Thursday, September 21, 2006
A London school has pupils that speak in a mind-boggling 71 different languages.
Southfields Community College in Wandsworth, South London, takes kids who have fled war zones around the world and speak no English. Some have never been to school before.
But incredibly the college — believed to be the most cosmopolitan in Europe — has only THREE translators. It has 1,300 UK and foreign pupils aged 11-18 — and 550 of these arrived in Britain speaking no English.
So their first lesson was a crash course in our mother tongue. The pupils are then slowly introduced into mainstream classes, supported by the school’s ethnic minority achievement unit.
Among the languages spoken are Arabic, Kurdish, Farsi Kazak , Croatian, Zulu (South Africa), Swahili (Kenya) and Krio (Sierra Leone).

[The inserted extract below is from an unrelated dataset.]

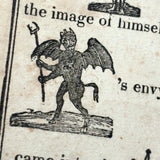 1846 Hieroglyphic Bible (for the Amusement of Youth), Alling, Seymour &  Co, Rochester, NY, with Marvelous Rebus Style Engravings Throughout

Headteacher Jacqueline Valin said many of the children arrive deeply traumatised. She recalled: “One young Somalian girl had a scar on her hand from being shot. We’ve had an increase in the number of pupils from abroad but there has never been a problem with the racial mix. These children have a burning desire to learn.”
Despite the language barrier the school’s exam results are improving.
The proportion of pupils getting five Cs or better at GCSE rose from 27 per cent in 2002 to 38 per cent last year.